WHAT YOU NEED TO DO: All pictures must be left out as you transcribe the lines from the first line of the data to the line containing "Resim Ayaklı Modern Makyaj Masası", both included.

:: INFORMATION

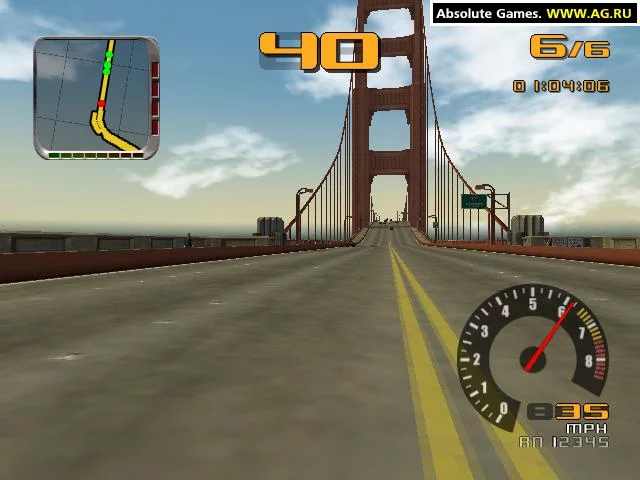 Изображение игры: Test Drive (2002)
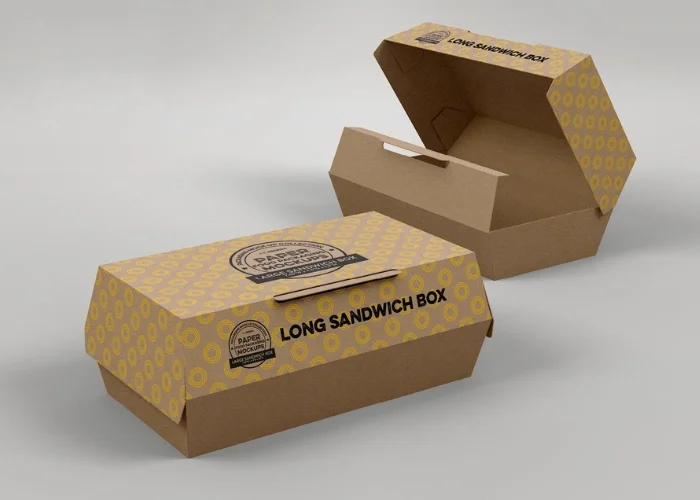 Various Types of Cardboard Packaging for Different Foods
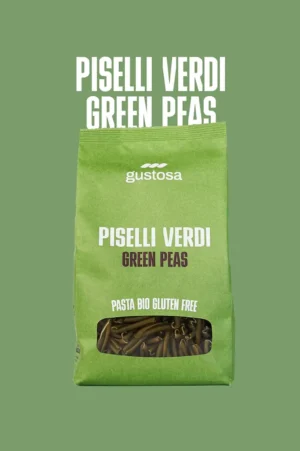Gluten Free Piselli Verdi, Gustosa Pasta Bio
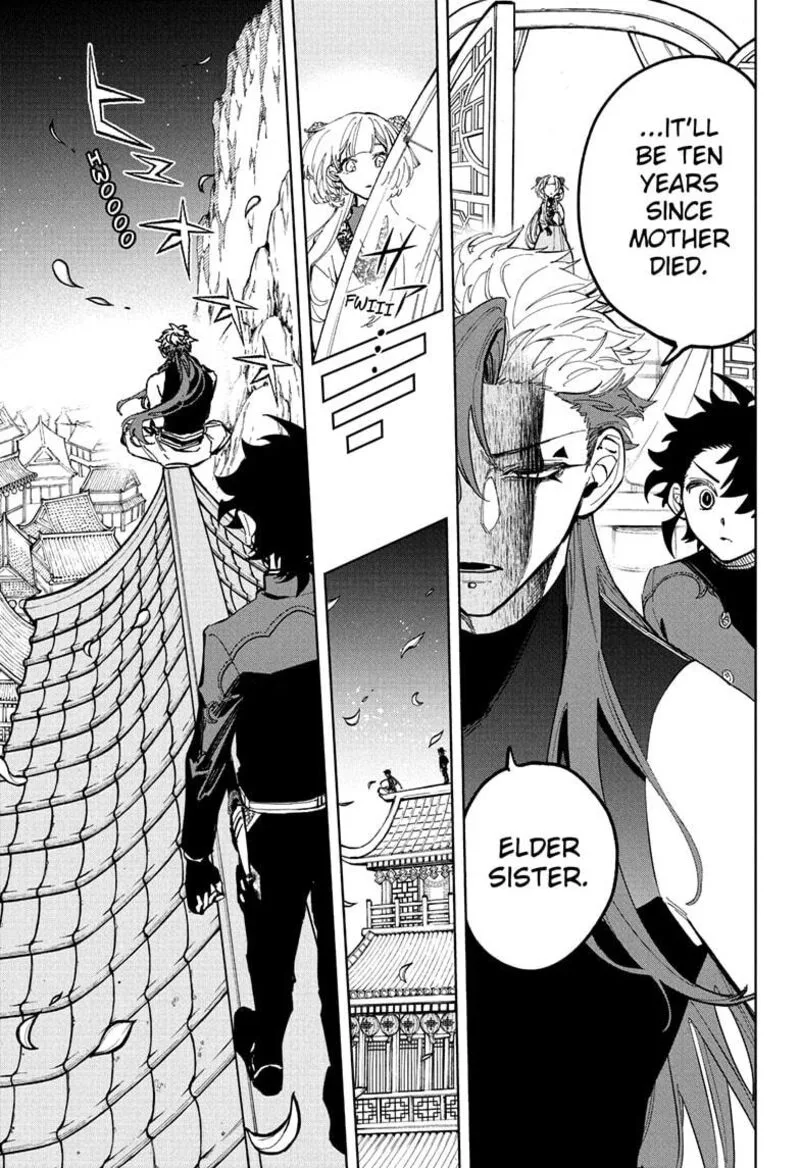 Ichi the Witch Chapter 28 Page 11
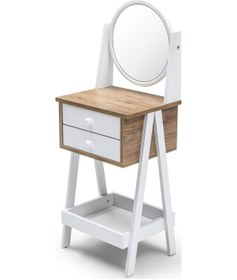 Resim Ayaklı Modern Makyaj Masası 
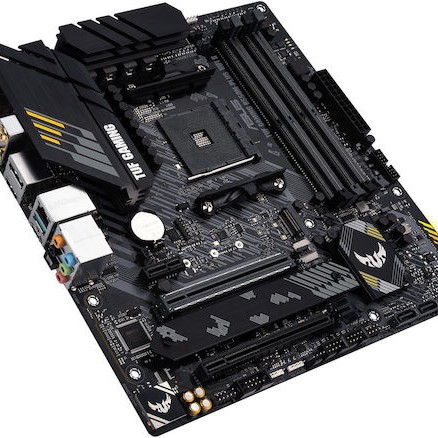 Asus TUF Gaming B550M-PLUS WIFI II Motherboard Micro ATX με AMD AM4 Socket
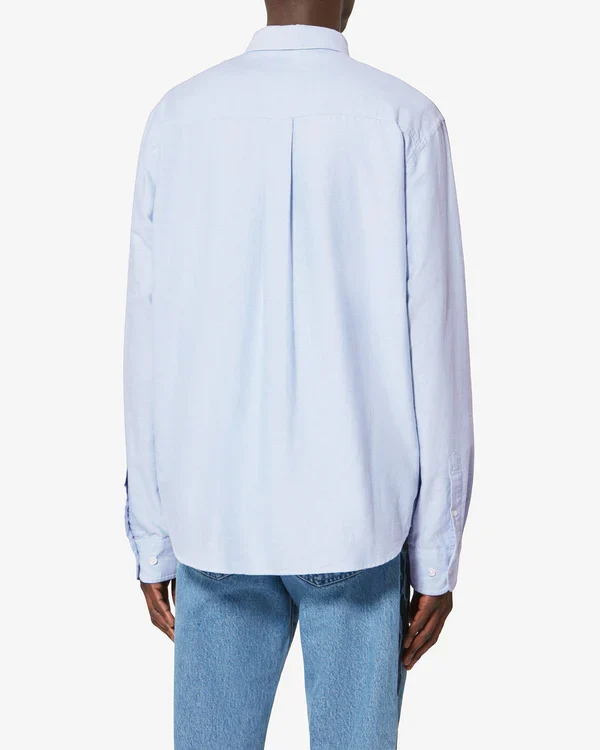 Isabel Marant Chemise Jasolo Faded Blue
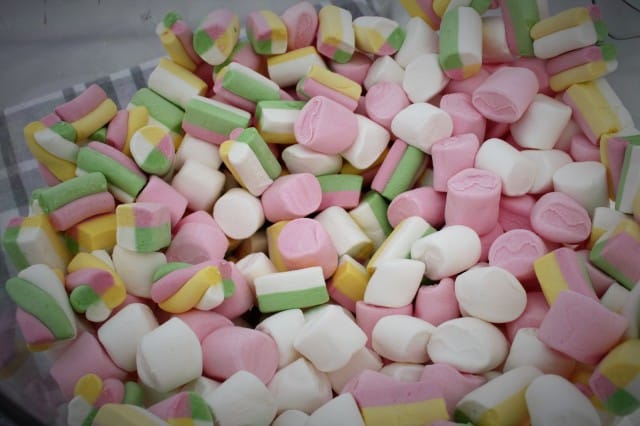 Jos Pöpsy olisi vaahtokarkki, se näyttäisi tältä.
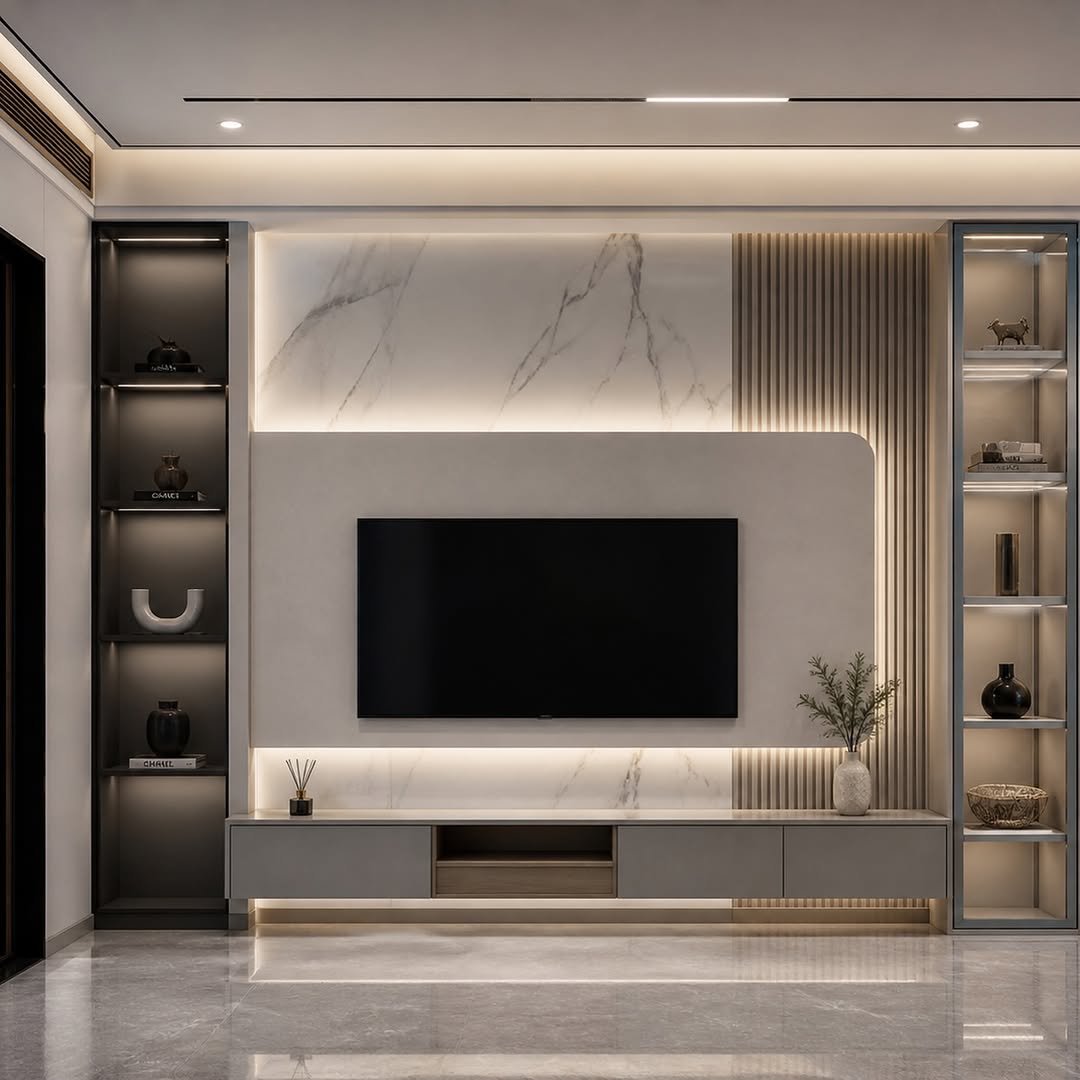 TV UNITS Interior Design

::::

RESULT:
 Изображение игры: Test Drive (2002)
 Various Types of Cardboard Packaging for Different Foods
Gluten Free Piselli Verdi, Gustosa Pasta Bio
 Ichi the Witch Chapter 28 Page 11
 Resim Ayaklı Modern Makyaj Masası 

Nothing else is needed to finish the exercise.